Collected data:
◇ ◇ ◇
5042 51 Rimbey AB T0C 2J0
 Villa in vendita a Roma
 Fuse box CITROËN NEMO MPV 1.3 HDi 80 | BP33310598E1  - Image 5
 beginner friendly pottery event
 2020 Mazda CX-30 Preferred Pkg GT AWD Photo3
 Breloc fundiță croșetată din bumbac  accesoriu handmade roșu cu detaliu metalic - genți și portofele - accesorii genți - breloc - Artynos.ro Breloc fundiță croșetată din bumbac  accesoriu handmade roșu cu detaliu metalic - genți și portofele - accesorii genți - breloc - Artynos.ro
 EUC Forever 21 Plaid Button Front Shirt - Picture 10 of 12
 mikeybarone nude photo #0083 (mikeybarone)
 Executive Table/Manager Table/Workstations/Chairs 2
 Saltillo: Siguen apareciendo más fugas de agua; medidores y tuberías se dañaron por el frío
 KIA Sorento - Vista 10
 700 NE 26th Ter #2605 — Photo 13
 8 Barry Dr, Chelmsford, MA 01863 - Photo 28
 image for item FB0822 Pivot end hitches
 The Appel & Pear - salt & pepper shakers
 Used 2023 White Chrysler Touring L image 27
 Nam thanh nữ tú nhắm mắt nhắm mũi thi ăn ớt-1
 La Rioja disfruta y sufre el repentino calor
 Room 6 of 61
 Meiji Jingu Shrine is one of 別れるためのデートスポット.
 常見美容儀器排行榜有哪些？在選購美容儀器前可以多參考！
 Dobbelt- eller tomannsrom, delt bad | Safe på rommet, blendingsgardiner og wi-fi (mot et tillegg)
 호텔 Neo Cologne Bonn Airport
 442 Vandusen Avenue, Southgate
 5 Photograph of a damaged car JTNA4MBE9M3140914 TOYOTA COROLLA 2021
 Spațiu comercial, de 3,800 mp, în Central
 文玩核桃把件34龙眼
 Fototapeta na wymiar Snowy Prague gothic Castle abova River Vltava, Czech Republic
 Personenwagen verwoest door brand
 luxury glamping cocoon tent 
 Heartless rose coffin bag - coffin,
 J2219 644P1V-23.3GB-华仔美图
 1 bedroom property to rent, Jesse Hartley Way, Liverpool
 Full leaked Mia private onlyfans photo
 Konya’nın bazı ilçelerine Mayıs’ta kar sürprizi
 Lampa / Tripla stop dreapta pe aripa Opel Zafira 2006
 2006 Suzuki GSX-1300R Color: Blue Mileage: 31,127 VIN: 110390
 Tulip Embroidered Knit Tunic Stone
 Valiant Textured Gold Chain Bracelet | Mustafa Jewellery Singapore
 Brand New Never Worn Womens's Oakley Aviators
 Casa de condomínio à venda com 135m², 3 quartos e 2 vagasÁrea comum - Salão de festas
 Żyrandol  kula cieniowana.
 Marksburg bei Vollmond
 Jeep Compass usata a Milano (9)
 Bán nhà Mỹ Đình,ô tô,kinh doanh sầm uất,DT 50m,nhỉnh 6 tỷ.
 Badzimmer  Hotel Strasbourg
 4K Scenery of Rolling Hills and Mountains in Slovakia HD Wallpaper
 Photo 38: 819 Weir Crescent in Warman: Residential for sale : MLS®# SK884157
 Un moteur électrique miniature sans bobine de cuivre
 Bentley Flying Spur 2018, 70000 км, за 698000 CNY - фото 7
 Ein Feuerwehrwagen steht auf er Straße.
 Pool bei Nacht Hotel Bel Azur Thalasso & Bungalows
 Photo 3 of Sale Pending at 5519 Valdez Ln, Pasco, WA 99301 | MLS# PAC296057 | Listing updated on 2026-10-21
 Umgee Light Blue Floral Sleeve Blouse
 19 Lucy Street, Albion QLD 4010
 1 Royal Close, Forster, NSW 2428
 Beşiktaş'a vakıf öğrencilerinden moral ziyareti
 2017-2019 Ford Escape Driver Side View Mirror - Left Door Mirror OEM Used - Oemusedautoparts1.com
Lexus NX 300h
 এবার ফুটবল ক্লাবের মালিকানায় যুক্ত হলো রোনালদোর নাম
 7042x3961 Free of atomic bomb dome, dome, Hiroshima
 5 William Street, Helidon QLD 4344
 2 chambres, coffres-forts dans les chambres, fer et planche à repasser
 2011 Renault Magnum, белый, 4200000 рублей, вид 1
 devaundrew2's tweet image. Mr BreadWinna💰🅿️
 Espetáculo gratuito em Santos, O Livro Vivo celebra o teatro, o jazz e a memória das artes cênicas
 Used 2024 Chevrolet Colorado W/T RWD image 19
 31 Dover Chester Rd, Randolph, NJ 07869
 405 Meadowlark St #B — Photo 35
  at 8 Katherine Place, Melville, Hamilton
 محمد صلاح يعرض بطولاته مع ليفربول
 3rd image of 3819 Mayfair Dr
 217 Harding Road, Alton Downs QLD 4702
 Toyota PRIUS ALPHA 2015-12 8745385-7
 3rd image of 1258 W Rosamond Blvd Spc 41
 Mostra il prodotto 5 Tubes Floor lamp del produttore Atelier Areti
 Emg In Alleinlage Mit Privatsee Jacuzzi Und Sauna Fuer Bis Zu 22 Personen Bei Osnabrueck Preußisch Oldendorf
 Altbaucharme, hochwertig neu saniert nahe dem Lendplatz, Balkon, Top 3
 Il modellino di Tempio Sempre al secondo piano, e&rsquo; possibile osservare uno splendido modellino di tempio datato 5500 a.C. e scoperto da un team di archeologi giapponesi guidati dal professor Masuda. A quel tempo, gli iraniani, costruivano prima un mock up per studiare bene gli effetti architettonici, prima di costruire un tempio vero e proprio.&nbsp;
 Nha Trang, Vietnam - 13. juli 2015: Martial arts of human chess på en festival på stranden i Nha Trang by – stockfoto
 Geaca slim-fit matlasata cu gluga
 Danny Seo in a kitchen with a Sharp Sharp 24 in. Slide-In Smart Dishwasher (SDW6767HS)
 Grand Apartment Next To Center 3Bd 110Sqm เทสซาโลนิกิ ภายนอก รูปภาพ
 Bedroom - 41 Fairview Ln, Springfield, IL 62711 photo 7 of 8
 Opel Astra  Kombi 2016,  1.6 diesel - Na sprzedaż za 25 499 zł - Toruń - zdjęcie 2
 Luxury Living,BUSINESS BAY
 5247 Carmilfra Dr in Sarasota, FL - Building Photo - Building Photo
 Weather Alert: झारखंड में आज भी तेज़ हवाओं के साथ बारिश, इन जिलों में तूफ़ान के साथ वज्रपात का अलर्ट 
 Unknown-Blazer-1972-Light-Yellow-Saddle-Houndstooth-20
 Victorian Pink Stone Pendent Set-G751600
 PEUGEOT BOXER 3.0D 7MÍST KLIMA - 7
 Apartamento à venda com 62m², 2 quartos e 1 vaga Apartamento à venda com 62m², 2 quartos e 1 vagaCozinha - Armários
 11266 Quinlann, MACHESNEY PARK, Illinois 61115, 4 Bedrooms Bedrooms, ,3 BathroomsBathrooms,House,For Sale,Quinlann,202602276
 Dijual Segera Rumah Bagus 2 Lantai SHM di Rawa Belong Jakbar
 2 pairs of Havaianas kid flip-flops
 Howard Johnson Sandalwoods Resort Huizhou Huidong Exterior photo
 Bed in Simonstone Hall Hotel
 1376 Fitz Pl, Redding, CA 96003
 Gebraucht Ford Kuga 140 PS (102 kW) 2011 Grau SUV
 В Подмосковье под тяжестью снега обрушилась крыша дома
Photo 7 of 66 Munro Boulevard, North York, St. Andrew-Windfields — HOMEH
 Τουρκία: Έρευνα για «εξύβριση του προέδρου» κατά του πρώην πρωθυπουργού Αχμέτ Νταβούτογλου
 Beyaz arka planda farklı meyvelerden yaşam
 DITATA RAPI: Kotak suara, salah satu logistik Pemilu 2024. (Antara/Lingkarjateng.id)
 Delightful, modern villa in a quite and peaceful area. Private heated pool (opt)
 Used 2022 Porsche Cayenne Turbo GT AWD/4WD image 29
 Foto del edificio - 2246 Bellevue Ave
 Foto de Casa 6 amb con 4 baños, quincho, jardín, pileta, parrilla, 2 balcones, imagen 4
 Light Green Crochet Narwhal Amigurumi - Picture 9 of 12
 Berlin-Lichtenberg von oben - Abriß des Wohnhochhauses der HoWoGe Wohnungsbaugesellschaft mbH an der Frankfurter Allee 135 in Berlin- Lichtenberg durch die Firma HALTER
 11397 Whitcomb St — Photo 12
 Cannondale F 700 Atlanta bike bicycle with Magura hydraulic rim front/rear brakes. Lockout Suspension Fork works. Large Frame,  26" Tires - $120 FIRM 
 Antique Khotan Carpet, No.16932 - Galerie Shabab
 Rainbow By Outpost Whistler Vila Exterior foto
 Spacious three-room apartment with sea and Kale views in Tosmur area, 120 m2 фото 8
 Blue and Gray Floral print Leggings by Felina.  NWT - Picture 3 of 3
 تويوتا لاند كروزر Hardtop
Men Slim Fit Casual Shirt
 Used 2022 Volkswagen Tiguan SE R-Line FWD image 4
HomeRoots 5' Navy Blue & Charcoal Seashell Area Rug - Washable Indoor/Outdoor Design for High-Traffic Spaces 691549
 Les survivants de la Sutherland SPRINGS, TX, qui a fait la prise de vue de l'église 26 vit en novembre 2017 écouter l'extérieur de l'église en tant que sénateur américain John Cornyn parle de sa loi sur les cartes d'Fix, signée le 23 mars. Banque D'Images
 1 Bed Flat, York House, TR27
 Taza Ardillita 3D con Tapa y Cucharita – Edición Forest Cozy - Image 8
◇ ◇ ◇
▸ **TASK OBJECTIVE**: The reply should consist solely of the lines above from the one that has "Toyota PRIUS ALPHA 2015-12 8745385-7" through the one that has "Il modellino di", reproduced exactly.

▸ **ANSWER TO THIS EXERCISE**:
 Toyota PRIUS ALPHA 2015-12 8745385-7
 3rd image of 1258 W Rosamond Blvd Spc 41
 Mostra il prodotto 5 Tubes Floor lamp del produttore Atelier Areti
 Emg In Alleinlage Mit Privatsee Jacuzzi Und Sauna Fuer Bis Zu 22 Personen Bei Osnabrueck Preußisch Oldendorf
 Altbaucharme, hochwertig neu saniert nahe dem Lendplatz, Balkon, Top 3
 Il modellino di Tempio Sempre al secondo piano, e&rsquo; possibile osservare uno splendido modellino di tempio datato 5500 a.C. e scoperto da un team di archeologi giapponesi guidati dal professor Masuda. A quel tempo, gli iraniani, costruivano prima un mock up per studiare bene gli effetti architettonici, prima di costruire un tempio vero e proprio.&nbsp;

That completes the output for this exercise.